One of the most interesting aspects of Manjule’s film is its length and changing pace. Jhund makes us experience “time” in a way we have moved away from; not the numb time during which OTT platforms offer film after film, series after series; but the stretched time in which we suffer the excruciating frustration of failures and nothingness and the full spectrum of joy, grief, love, hope and life that unfolds between struggles. The weather and the resilience to endure the weather is not the same for everyone. In the second half of the film, each character’s temporality is shaped by their individual struggles. The vulnerability of Ankush Masram (played by Ankush Gedam), whose passion for football is threatened by the world of crime and drugs, is shown in a way that is both empathetic and frustrating. Unlike the singular narratives of commercial cinema, Jhund seems to burst to the breaking point under the pressures of conflicting morals. The final scene at the airport encapsulates the infuriating trajectory of the story of Masram and those whose lives he represents. Streamlined and designed to pass through the metal detector multiple times, the scene reveals something profoundly real, yet unseen when it happens around us in airport terminals. Earlier in the film, a character tells Don, “You don’t have to win every time.” While this is advice on the wisdom of choosing your battles, it’s also a reflection on how surviving in a caste society is a life of battles for those on the fringes. And how difficult it is to define victory, when behind every triumph lies not only the historical reality of oppression, but the daily obstacles of humiliation and judgment.
The predominant gaze in today’s mainstream movies is, in a way, familiar, even when we struggle to relate to it.
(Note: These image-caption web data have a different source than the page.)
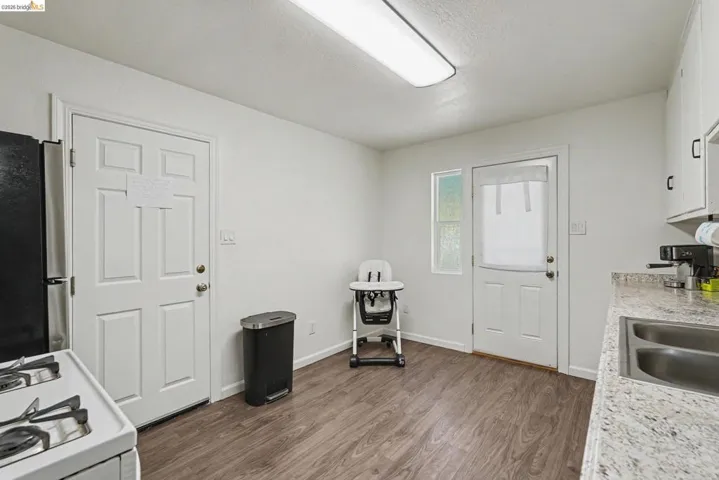 Kitchen area featuring wood-finish flooring, white walls, and a recessed ceiling light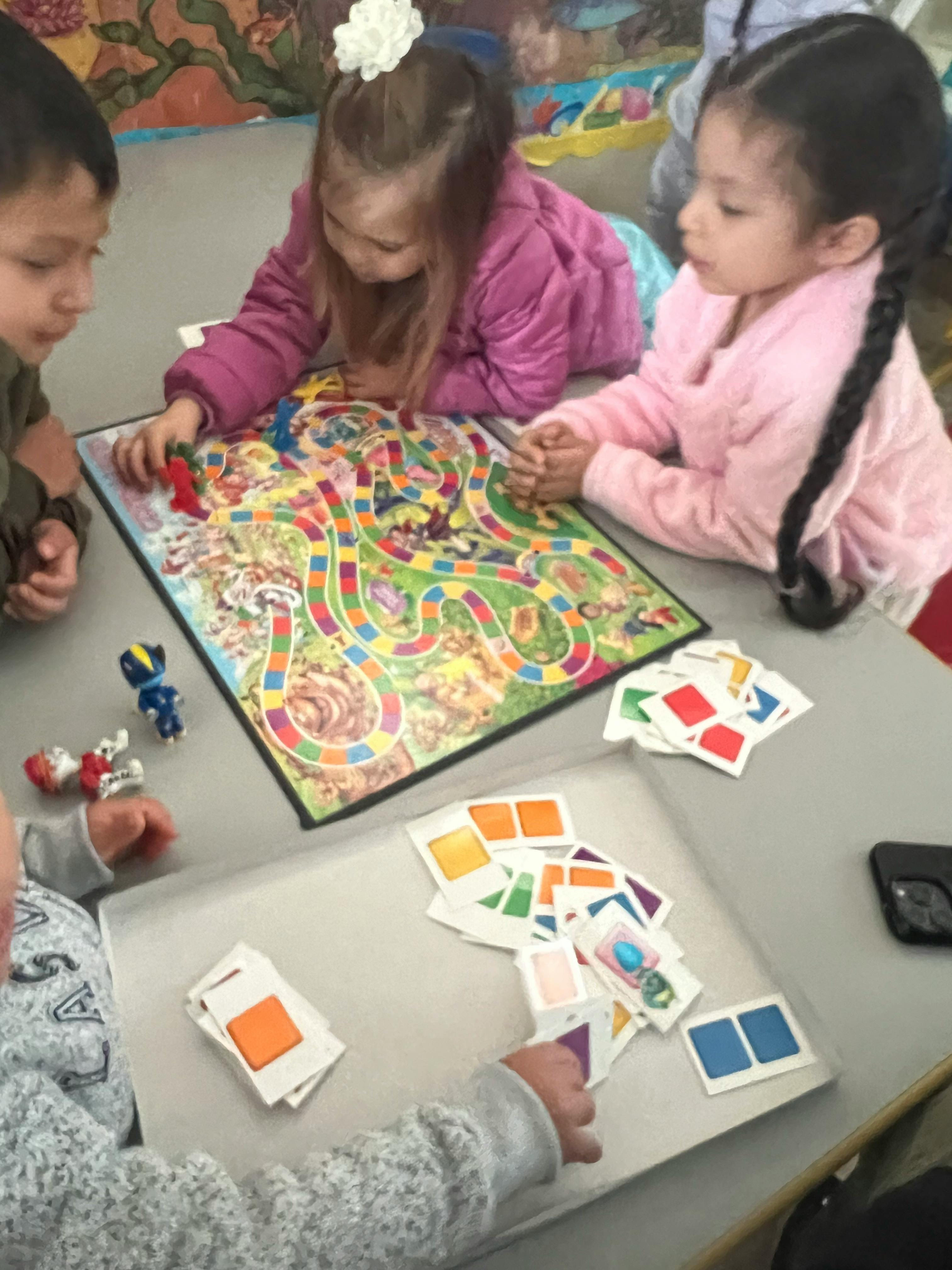 Children playing a board game with cards and cards on a table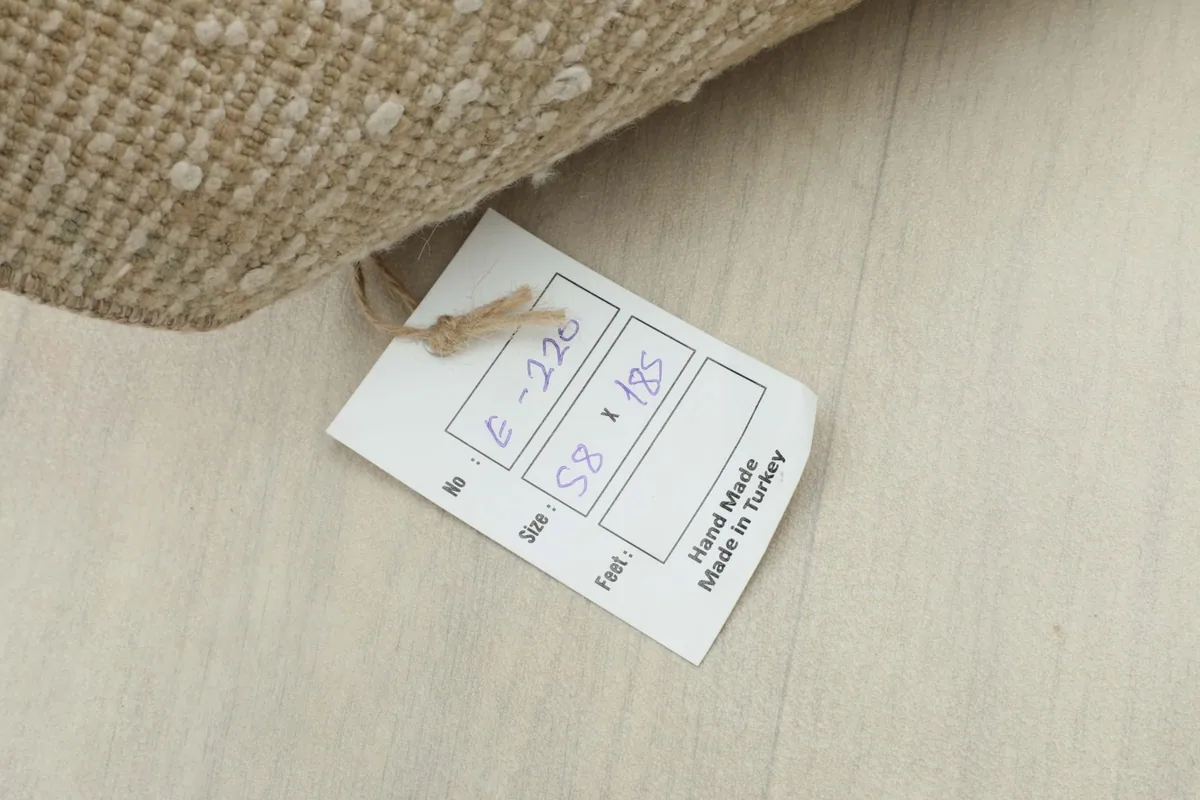 Close-up of the product tag attached to the rug, displaying its size in centimeters.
Popular cinema’s notion of entertainment has largely been about drawing people away from their own cultures where they can seek joy and celebration, as if those same cultures were the source of people’s social and existential distress. With Ambedkar Jayanti’s vibrant portrayal in Jhund, Manjule broke the willful silence of mainstream cinema about the characters and stories important to this country’s oppressed majority. On top of that, it creates a celebratory image that not only has nothing to do with, but opposes oppressive caste Hindu cultures.
Jhund’s mastery lies in its ability to contain multiplicities, stories, and genders, and languages, skin tones, hair, bodies, genders, and abilities. As it spreads horizontally across the lives of its many characters, the film thickens in texture. Both awe-inspiring and disconcerting, it’s how people move in and out of storytelling at any given time. The stories of Monica (Rinku Rajguru), struggling to get her passport, the young Muslim mother’s uphill struggle against patriarchy, or the train tracks where skirmishes with life and death are lost and won are elemental aspects of the world depicted in the film. And yet these tales are organized in such a way that they defy any logic of hierarchy or priority. Even Amitabh Bachchan’s stardom fails to eclipse Jhund’s multiple brilliance.
You have to believe that films can be made differently; but more importantly, as a movie buff, you have to believe that movies can be watched differently. A movie isn’t just about navigating through finite options of repackaged formulas; it’s about finding in cinema the potential of art and life. The Jhund of Manjule opens the door to this engagement, advancing a conversation about our society that he started with Fandry and Sairat.
This column first appeared in the print edition of March 12, 2022 under the title “Breaking the formula”. The author is a freelance journalist and researcher on caste, gender and religion.